- **What you should do**
The line with "Jingle Bells for" and each line following it, up to the final line of the data, should be set down exactly; pictures stay out.

--*--

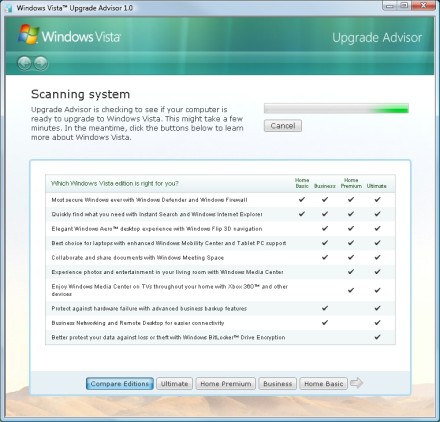 WVUA displays a summary of the features found in the various editions of Windows Vista during the scan.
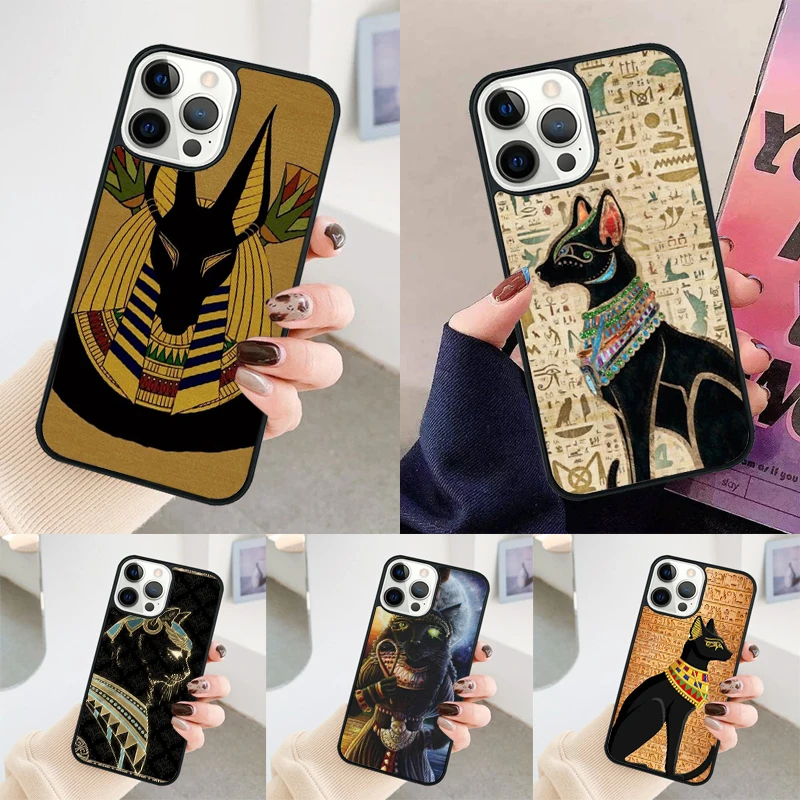 Egypt Nefertiti Anubis phone case Cover For iPhone 14 15 16 Pro Max SE 2020 coque For apple 11 12 13 Pro Max Mini 7 8 Plus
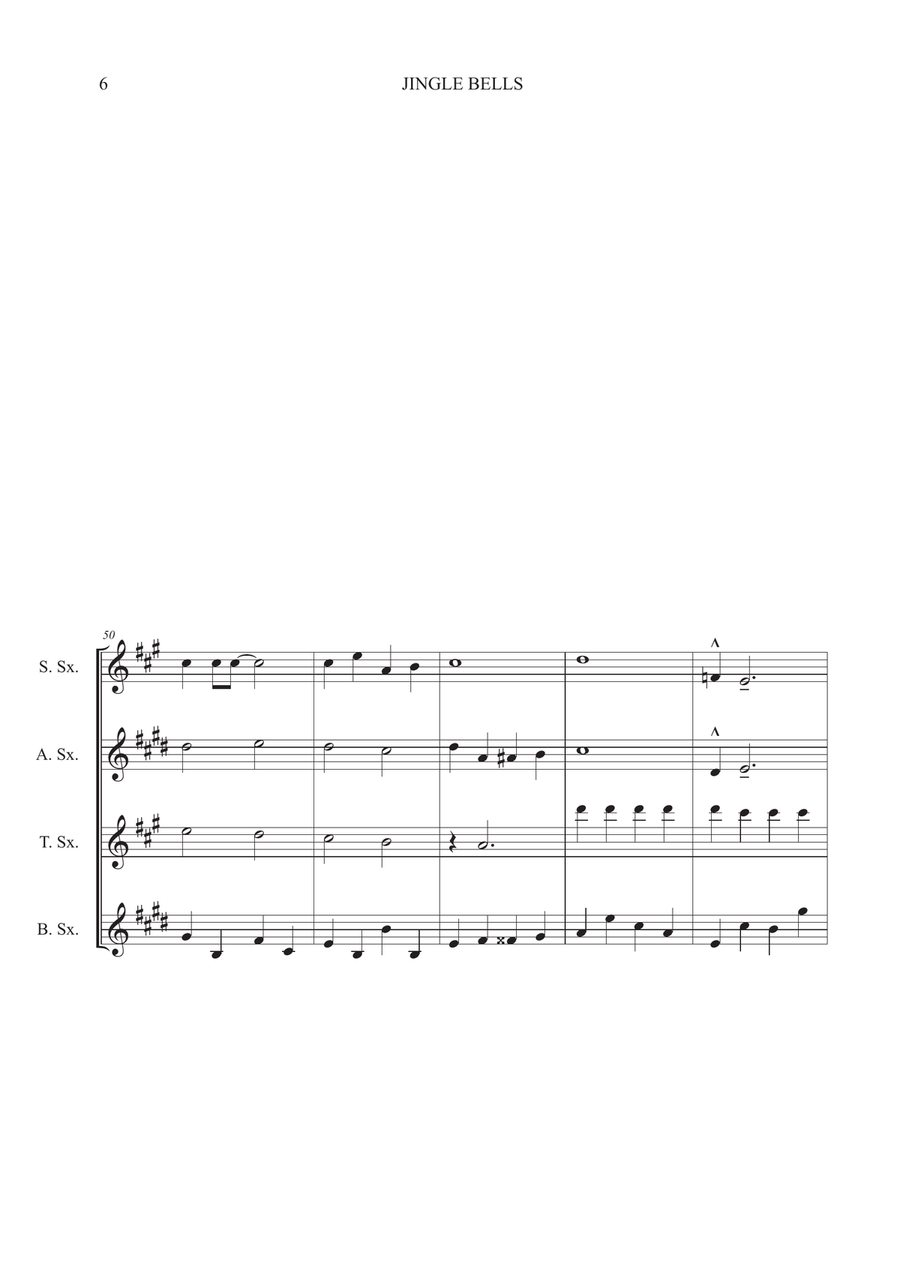 Jingle Bells for Saxophone Quartet SATB Saxophone Quartet scores gallery preview page 6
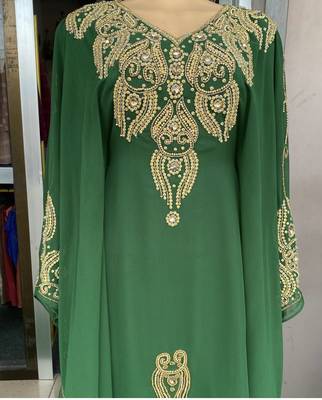 Green Handcrafted Zari Stone work Stitched Georgette Kaftan Party Wedding Dresses MS 317 4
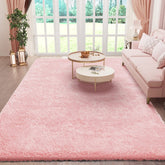 Ophanie pink area rug 6x9 adds warm, cozy bedroom style.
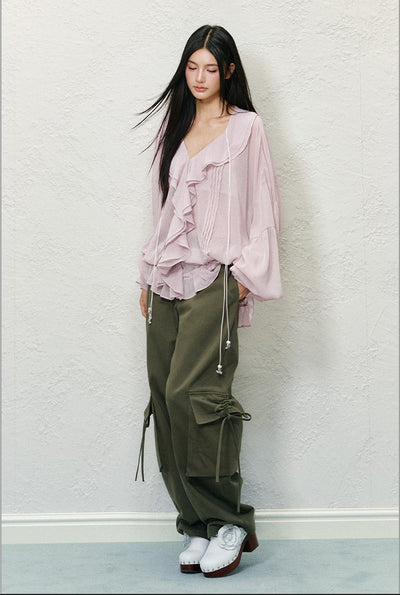 Lace Ruffled Chiffon Shirt AGM0127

--*--

- **Written solution**
 Jingle Bells for Saxophone Quartet SATB Saxophone Quartet scores gallery preview page 6
 Green Handcrafted Zari Stone work Stitched Georgette Kaftan Party Wedding Dresses MS 317 4
 Ophanie pink area rug 6x9 adds warm, cozy bedroom style.
 Lace Ruffled Chiffon Shirt AGM0127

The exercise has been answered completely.